Indonesian companies and entrepreneurs must take more responsibilities for those most marginalized

More money is needed. This is the oldest story in the world. Health workers need vaccines. Farmers need wider access to water. Children need education. What has changed is our mind-set. All stakeholders — government, businesses and communities — have roles and responsibilities for improving human development.  To tackle those needs, it will require innovative financing.

Indonesia’s growth has been impressive, averaging over 5 percent for the past five years despite a global environment weakened by an economic slowdown. Indonesia’s financial market is getting stronger. Reaching over 5 percent growth per year is not an achievement that governments can take on alone. Indonesia’s performance will depend on the government’s ability to improve the business climate and its effort to attract private investment.

The key to financing development lies with engaging the private sector. Private investment is a powerful and essential source of long-term financing for infrastructure and other sectors to generate growth, create jobs and promote sustainable development. $500 to 600 billion is needed to build Indonesian roads, railways, and ports. Three million more jobs per year could be created, halving the 22 percent of youth unemployed in Indonesia. To the 13 percent Indonesian households with no access to electricity, private investments in solar and wind energy can be decisive. The private sector can make the difference building upon the foundations laid by the government.

Businesses “have enormous power to create decent jobs, open access to education and basic services, unlock energy solutions and end discrimination” according to UN Secretary-General Ban Ki-moon. There is a significant capital available that lies with private sector, which is far greater than what donors, local financial institutions, official development assistance in developing countries, are able to provide.

We must work on finding ways to combine available financial instruments into new packages and scale up investments. With a huge untapped potential, innovative finance is key for a stronger growth. From big investors to small holders, the interface between those who want to invest money and those who need it should be simplified.

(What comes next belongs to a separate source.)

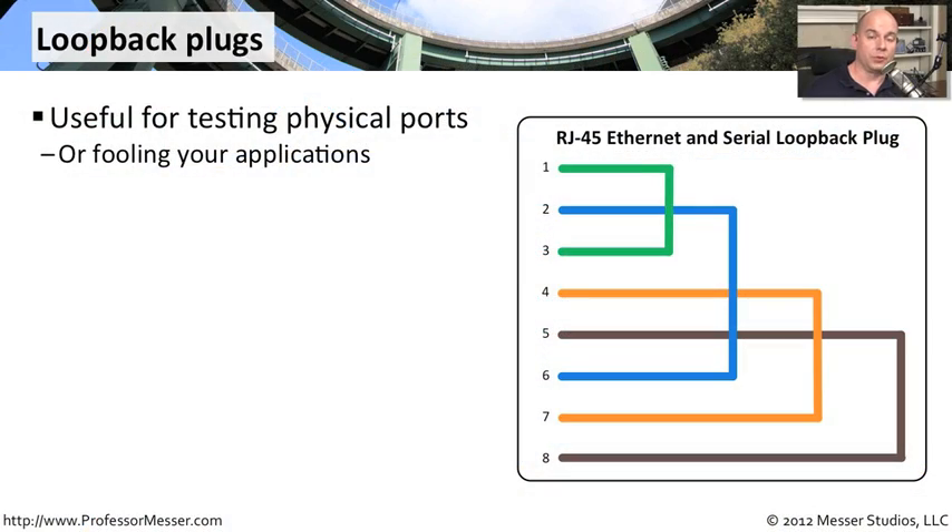When you're doing some type of lower level troubleshooting, a loopback plug can be really, really useful. You might have a diagnostics program that is specifically designed to work with a loopback plug, or you may be fooling your application into sending data out just to see what type of response might come back after you send it through the loopback.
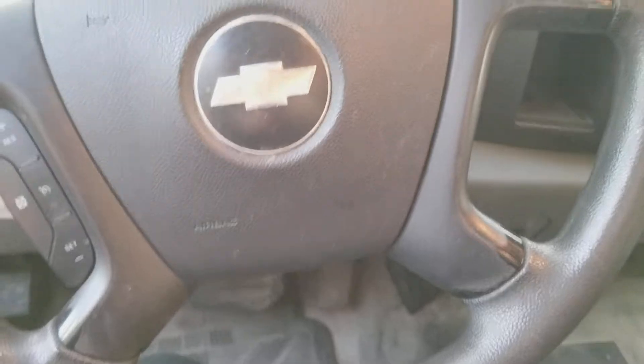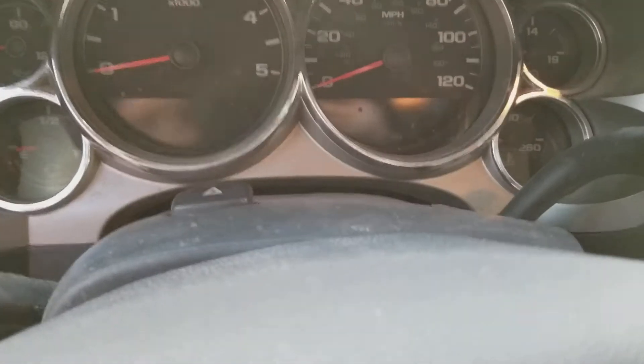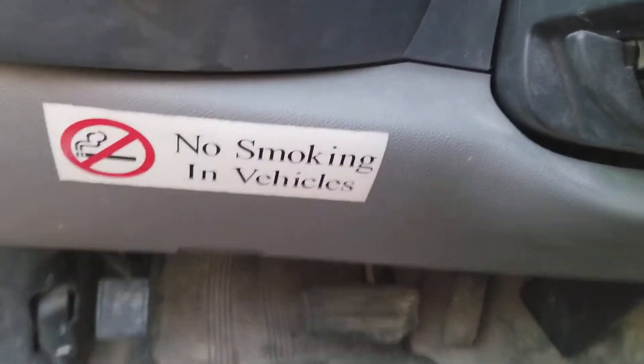Let's take a look inside. Here's the Chevy steering wheel. Radio, AC. Speed on the arm to fuel and temperature. No smoking in vehicles.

With only 22 percent of Indonesians possessing bank accounts, micro-finance is crucial to improve access for people in remote areas and small islands. Meanwhile, peer-to-peer finance or crowd funding provide needs of funding to the growing number of small and medium-sized enterprises in a digital age where 82 million Indonesians are Internet users.

The United Nations is already at the vanguard of those growing movements. In many places, increasing development will have to start with extending access to clean water. One out of eight Indonesians do not have access to clean water. With its first ever online Sustainable Development Goals (SDG) crowd funding campaign “Bring Water For Life,” the United Nations Development Program (UNDP) in Indonesia is aiming to raise $25,000 to support the purchasing and installation of a solar-powered water pump in an East Sumba village.

Innovative financing has leveraging effects. Consider the bond market. Green bonds are from a global perspective growing dramatically. They have provided the opportunity for wider investment essential to not only confront climate change but to achieve better sustainability in many sectors. With an estimated value of almost $130 billion, the bond market in Indonesia holds tremendous potential. This is why we support climate-friendly investments like REDD+ aiming at financing sustainable land use in Indonesia.

Philanthropic activity keeps growing in Indonesia. Partnerships with philanthropic foundations provide a much needed boost to the SDG agenda. In Indonesia, UNDP has partnered with Tanoto Foundation to support collaborative work with the Riau provincial governments in piloting sustainable development goals implementation at provincial and district levels. The Ford Foundation meanwhile is working with the Indonesian government and UN to support the implementation of the SDGs on the national level.

And yet, though promising efforts are underway, they fall short of what is needed. More work can be done. We know that stakeholders in Indonesia can, and must, do more.

More companies and entrepreneurs must take more responsibilities for those most marginalized. The challenge is to channel these funds toward poverty alleviation and sustainable development that is attractive to investors. It can finance the growth of small enterprises and give an appropriate return to shareholders, boost employment, and improve the lives of poor people. Meeting those needs will require fostering a trusting, reliable and credible environment for enabling innovation.

As Indonesia looks to seize the opportunities ahead in terms of investments, continued reform implementation will be essential. Stronger commitments and sufficient budget allocation for development combined with efficient policies could fasten project implementation such as Village Fund, to improve service delivery at the local level and reduce inequality and poverty. Government investment in UN agencies as a development partner will ensure a greater access to technical expertise and lessons learned from other countries.

A new story is being written. The world needs investment for development. The money is here already. The total cost of the SDGs is estimated to be over $4.5 trillion per year while the world economy amounted to $77 trillion in 2014.

Looking at those numbers, if we make all the right choices, it won’t cost more to make those smart investments for the next 15 years. Instead, it will help sustain the world for generations to come. This will be a matter of finding the right innovative financing to work together to end poverty.

Douglas Broderick is the United Nations resident coordinator in Indonesia.